Checked Hudi 0.14.1 doesn't support Java 17 ( https://hudi.apache.org/roadmap/#execution-engine-integration )
And, find the Jira task - https://issues.apache.org/jira/browse/HUDI-6506
I think you're right. It's Java version related issue.
FYI @CTTY Would you happen to know how to fix this issue in EMR 7.1? Maybe using Java 11?
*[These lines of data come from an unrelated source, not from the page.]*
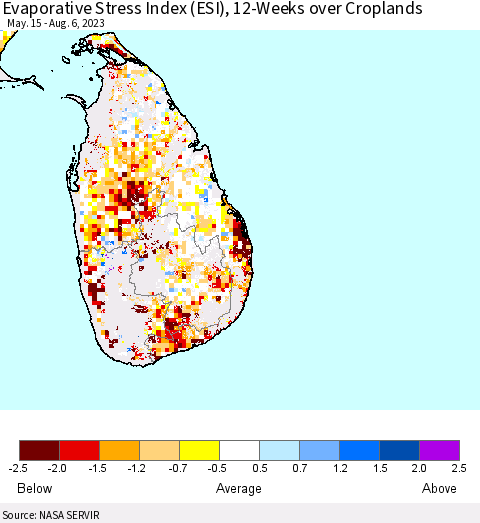 Sri Lanka Evaporative Stress Index (ESI), 12-Weeks over Croplands Thematic Map For 7/31/2023 - 8/6/2023
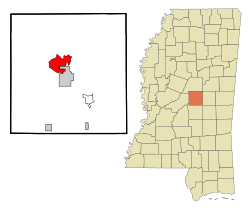 Leake County Mississippi Incorporated and Unincorporated areas Redwater Highlighted.svg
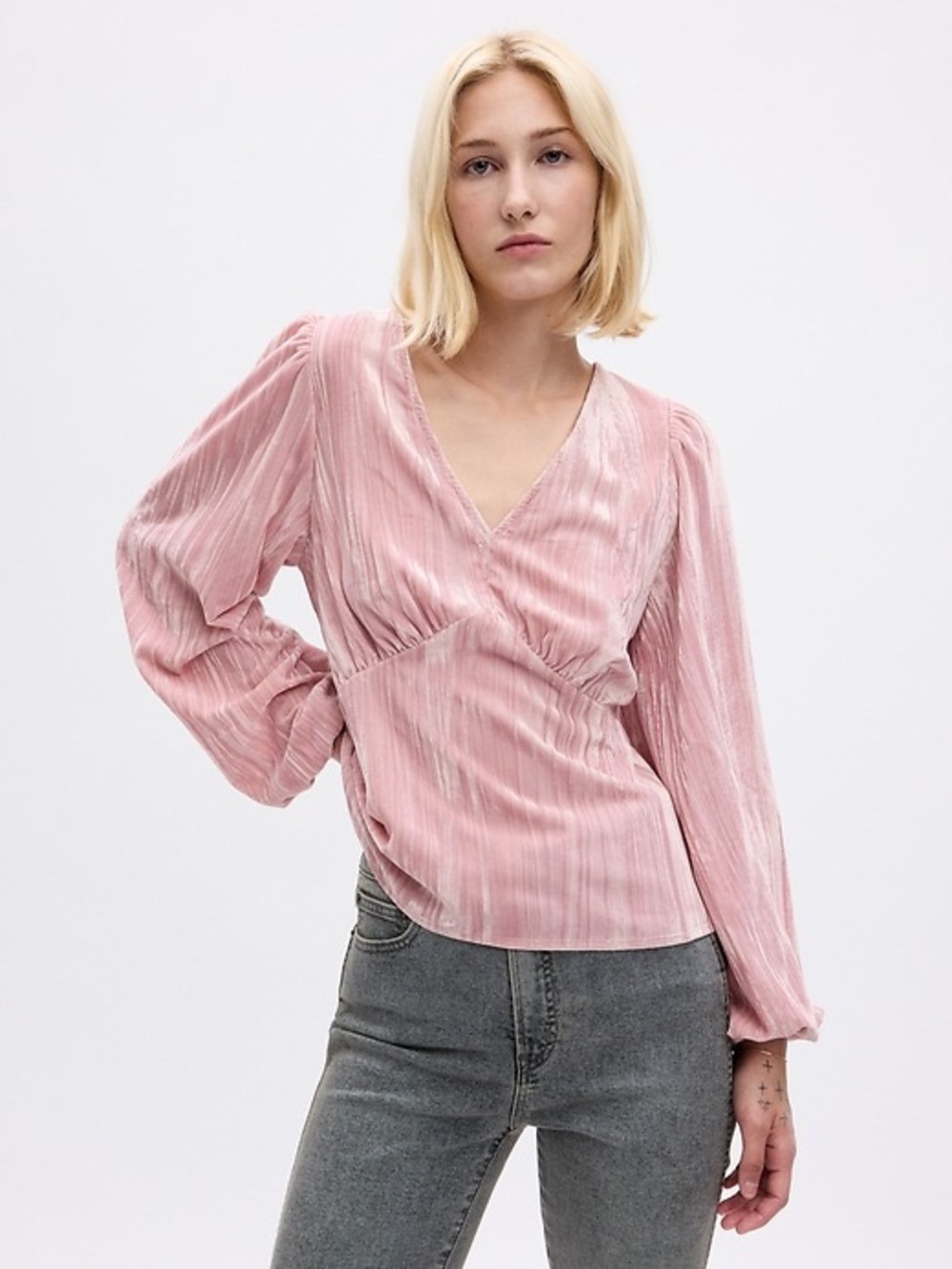GAP Dusty Rose Pleated V-Neck Long Sleeve Top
EMR 7.1 uses Java 17 by default but older Java version should still exist there. I think you can try Java 8/11 in this case: https://docs.aws.amazon.com/emr/latest/ReleaseGuide/configuring-java8.html#configuring-java8-override-spark
EMR 7.1 uses Java 17 by default but older Java version should still exist there. I think you can try Java 8/11 in this case: https://docs.aws.amazon.com/emr/latest/ReleaseGuide/configuring-java8.html#configuring-java8-override-spark
Thank you. I will re-try after setting the java version overriding.
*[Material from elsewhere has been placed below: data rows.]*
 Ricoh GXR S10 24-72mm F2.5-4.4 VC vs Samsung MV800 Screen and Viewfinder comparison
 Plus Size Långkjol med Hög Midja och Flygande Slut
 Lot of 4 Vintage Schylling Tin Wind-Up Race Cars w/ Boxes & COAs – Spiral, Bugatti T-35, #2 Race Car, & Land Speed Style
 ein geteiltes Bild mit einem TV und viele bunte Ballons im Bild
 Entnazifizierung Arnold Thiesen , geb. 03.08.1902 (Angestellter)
@Gatsby-Lee Please let us know if using Java 11/8 solves this issue, Thanks.
@Gatsby-Lee Please let us know if using Java 11/8 solves this issue, Thanks.
Thank you for following up. I will reply back after I test it 👍
Finally completed testing and confirmed it doesn't work.
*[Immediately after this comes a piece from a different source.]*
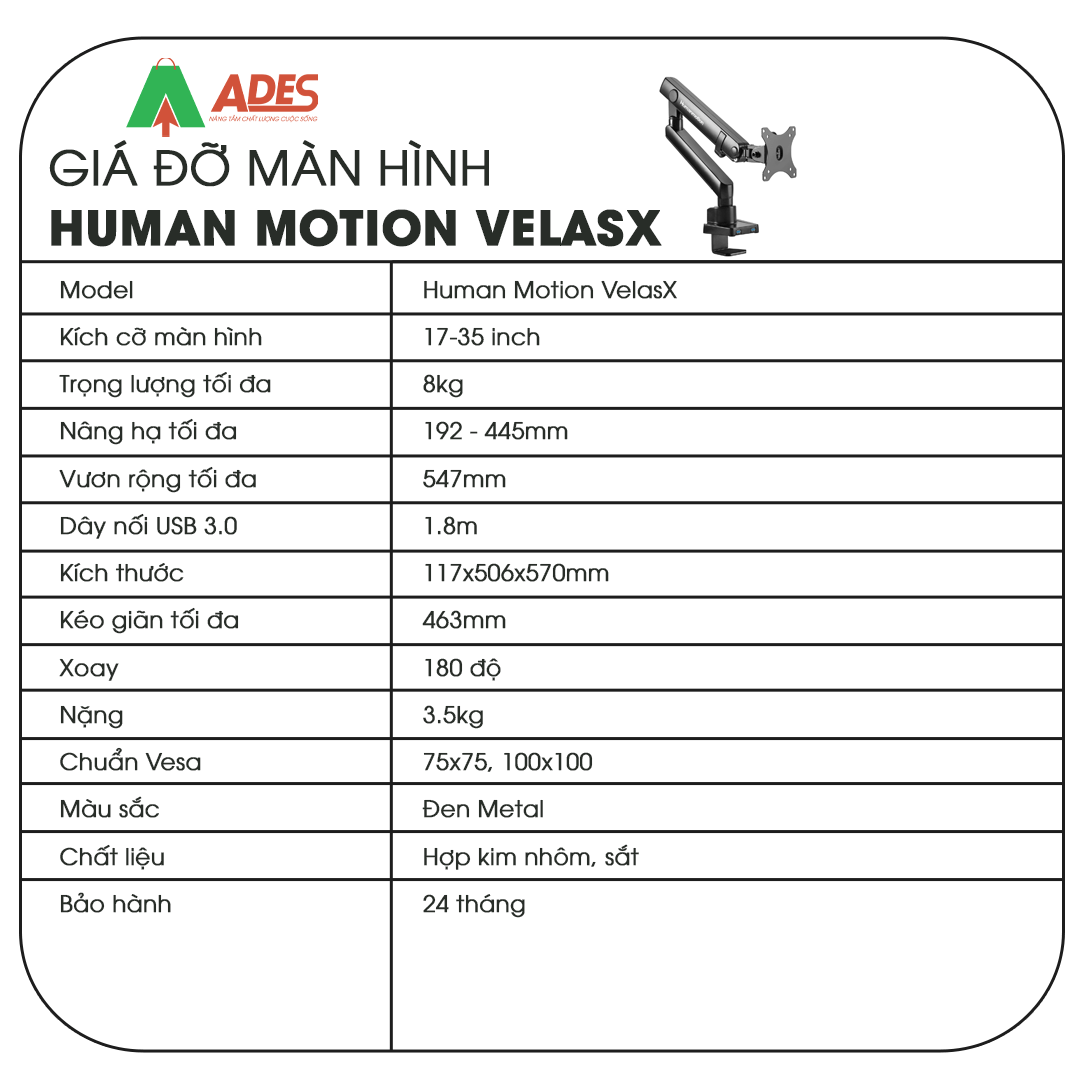 Human Motion VelasX thong so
- EMR 7.2.0 Java17 ( EMR Hudi 0.14.1 ): FAILED
- EMR 7.2.0 Java11 ( EMR Hudi 0.14.1 ): FAILED
- EMR 7.2.0 Java8 ( EMR Hudi 0.14.1 ): FAILED
- EMR 7.15.0 Java8 by default ( OSS Hudi 0.14.1 ): FAILED
So, I can say it is currently broken.
@ad1happy2go Do you have any updates on this?
@ad1happy2go I am following up this. any updates on this?
Sorry for the delay here @Gatsby-Lee . We will prioritise this. Any further update on this or are you still blocked here?
@Gatsby-Lee I tried to use metadata table and hoodie.bloom.index.use.metadata and on emr-7.1.0 and didn't got any issues. Can you try below or share the code/configurations what you are using?
Code -
pyspark --jars /usr/lib/hudi/hudi-spark-bundle.jar --conf "spark.serializer=org.apache.spark.serializer.KryoSerializer" --conf "spark.sql.catalog.spark_catalog=org.apache.spark.sql.hudi.catalog.HoodieCatalog" --conf "spark.sql.extensions=org.apache.spark.sql.hudi.HoodieSparkSessionExtension"
schema = StructType(
[
StructField("id", IntegerType(), True),
StructField("name", StringType(), True)
]
)
data = [
Row(1, "a"),
Row(2, "a"),
Row(3, "c"),
]
hudi_configs = {
"hoodie.table.name": TABLE_NAME,
"hoodie.datasource.write.recordkey.field": "name",
"hoodie.datasource.write.precombine.field": "id",
"hoodie.datasource.write.operation":"insert_overwrite_table",
"hoodie.table.keygenerator.class": "org.apache.hudi.keygen.NonpartitionedKeyGenerator",
"hoodie.index.type" : "BLOOM",
"hoodie.metadata.index.bloom.filter.enable" : "true",
"hoodie.bloom.index.use.metadata" : "true"
}
df = spark.createDataFrame(spark.sparkContext.parallelize(data), schema)
df.write.format("org.apache.hudi").options(**hudi_configs).mode("overwrite").save(PATH)
spark.read.format("hudi").load(PATH).show()
for i in range(0,30):
df.write.format("org.apache.hudi").options(**hudi_configs).mode("append").save(PATH)
Also, Did you got a chance to try with OSS 0.15.0 version ? OSS 0.14.1 doesn't officially support spark 3.5.
Confirmed by @Gatsby-Lee and closing the issue. Thanks.